There are iconic places where they are not visually appropriate in large numbers: the Blue Ridge Skyline, Boothbay, Cape Hattaras, the Teton Ridge. There are other places where they might disrupt wildlife: Altamont Pass is the chief disaster there: a thousand small latticework towers in a narrow slot that happens to be the chief migratory bird flyway in the US. Some birds have large nesting colonies near seashores; turbine siting should pay heed to that. And it may be wise to research what effect the installations or operation might have on marine mammals, cetaceans, or fish. Law of unintended consequences applies to wind power, too.
(As an aside, most bird strikes are on the tower, not the blades. Vertical axis turbines actually have a higher solidity than propeller types and should be more, not less, dangerous to birds. If VAWTs existed in numbers. If they worked. Which they don't.)

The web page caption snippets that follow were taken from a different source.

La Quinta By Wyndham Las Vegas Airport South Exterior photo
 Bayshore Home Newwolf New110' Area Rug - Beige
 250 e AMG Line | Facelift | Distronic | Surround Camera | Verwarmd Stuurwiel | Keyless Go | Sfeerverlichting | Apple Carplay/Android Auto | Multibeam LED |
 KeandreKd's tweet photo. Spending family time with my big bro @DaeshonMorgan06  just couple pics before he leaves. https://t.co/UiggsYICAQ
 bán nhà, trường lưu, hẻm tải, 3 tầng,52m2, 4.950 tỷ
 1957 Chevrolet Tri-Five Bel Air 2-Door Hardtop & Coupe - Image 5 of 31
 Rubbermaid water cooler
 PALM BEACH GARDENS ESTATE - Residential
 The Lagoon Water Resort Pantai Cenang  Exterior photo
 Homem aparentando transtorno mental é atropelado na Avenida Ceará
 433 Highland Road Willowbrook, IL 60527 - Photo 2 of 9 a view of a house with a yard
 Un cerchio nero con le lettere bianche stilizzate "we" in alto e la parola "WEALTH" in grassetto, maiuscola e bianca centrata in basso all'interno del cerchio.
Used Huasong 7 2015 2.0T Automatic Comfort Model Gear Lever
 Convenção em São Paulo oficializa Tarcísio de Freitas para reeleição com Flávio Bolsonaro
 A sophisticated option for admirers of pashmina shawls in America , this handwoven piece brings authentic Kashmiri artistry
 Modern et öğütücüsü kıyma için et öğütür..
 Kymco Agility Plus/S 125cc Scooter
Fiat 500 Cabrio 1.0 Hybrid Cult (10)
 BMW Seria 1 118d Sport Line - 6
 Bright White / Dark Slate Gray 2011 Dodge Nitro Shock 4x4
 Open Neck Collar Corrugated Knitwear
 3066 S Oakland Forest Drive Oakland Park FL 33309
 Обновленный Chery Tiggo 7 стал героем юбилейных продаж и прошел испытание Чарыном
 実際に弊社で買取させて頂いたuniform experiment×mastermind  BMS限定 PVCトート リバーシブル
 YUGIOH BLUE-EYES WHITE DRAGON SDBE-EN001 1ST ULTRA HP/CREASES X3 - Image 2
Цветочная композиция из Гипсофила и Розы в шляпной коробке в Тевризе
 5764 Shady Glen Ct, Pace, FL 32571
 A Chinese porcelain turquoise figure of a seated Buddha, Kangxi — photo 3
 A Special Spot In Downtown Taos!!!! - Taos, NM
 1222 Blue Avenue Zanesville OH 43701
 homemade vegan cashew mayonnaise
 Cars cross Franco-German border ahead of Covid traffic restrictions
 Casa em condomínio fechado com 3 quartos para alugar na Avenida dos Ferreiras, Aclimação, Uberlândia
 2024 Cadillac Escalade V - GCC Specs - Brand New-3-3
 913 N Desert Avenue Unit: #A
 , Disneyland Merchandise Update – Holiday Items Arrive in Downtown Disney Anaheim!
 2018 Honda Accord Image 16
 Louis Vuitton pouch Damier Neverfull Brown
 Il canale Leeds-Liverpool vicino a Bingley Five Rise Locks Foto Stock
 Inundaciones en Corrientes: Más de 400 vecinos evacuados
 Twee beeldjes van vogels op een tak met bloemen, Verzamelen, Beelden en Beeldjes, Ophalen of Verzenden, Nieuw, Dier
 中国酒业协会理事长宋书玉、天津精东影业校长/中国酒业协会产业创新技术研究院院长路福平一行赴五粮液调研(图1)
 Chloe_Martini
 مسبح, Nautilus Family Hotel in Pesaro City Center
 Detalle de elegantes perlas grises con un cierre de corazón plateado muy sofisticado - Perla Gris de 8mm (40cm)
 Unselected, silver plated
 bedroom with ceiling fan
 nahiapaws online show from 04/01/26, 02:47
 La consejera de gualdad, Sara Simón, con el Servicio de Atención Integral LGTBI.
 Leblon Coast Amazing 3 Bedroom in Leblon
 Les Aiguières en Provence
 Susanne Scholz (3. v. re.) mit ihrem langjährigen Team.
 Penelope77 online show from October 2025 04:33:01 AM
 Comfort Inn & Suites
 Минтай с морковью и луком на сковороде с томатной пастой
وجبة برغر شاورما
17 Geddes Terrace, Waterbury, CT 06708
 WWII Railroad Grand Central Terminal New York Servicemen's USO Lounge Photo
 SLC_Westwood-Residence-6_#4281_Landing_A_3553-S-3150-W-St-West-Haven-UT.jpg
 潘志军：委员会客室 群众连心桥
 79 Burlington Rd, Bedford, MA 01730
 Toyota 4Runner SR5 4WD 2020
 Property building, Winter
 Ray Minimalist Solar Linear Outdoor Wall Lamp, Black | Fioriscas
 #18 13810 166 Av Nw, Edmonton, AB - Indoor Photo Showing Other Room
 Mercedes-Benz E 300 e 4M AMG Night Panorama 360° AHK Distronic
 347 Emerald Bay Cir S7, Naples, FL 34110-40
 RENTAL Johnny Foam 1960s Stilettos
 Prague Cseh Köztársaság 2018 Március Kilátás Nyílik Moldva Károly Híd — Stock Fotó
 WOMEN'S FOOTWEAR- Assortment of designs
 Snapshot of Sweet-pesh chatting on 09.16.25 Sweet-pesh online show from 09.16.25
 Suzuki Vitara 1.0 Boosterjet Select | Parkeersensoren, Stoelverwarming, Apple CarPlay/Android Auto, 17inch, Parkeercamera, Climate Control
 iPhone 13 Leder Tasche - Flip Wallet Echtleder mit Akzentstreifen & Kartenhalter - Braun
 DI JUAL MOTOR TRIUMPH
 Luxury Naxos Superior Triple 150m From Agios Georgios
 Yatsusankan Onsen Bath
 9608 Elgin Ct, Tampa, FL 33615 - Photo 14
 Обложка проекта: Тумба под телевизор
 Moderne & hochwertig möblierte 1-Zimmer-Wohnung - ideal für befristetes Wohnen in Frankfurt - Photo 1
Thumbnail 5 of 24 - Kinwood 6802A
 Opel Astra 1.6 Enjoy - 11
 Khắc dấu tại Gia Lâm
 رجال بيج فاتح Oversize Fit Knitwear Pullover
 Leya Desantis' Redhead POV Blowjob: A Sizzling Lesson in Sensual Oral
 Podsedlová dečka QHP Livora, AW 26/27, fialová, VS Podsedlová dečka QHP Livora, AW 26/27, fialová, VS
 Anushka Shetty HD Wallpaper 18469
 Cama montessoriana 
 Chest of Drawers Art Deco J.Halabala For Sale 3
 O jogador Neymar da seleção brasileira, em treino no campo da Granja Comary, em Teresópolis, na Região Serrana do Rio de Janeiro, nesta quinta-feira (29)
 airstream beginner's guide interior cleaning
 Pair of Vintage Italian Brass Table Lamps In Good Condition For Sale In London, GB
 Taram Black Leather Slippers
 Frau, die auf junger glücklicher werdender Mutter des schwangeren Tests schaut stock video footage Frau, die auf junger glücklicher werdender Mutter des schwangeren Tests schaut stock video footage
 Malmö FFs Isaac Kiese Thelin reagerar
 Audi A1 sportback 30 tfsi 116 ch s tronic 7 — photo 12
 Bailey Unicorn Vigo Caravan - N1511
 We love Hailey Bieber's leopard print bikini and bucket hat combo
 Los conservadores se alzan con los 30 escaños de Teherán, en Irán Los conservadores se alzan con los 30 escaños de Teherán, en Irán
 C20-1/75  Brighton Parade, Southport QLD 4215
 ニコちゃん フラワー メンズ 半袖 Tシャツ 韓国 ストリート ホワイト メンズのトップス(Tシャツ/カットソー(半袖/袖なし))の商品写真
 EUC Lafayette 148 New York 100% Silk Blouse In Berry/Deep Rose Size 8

I've camoflagued my turbine a bit, turning a white and yellow nacelle dappled blue and grey; it vanishes against the background now. Dark blades are harder to see than white ones, and a little light patterning could break up the mass of the tower. Even the oil industry here has begun painting its tanks and pumpjacks to blend in with the dirt. It really makes a difference! Would
painting turbines a color other than Glaring White really increase the danger to boats, birds, or airplanes? Softening visual impact would vastly increase public acceptance of wind power.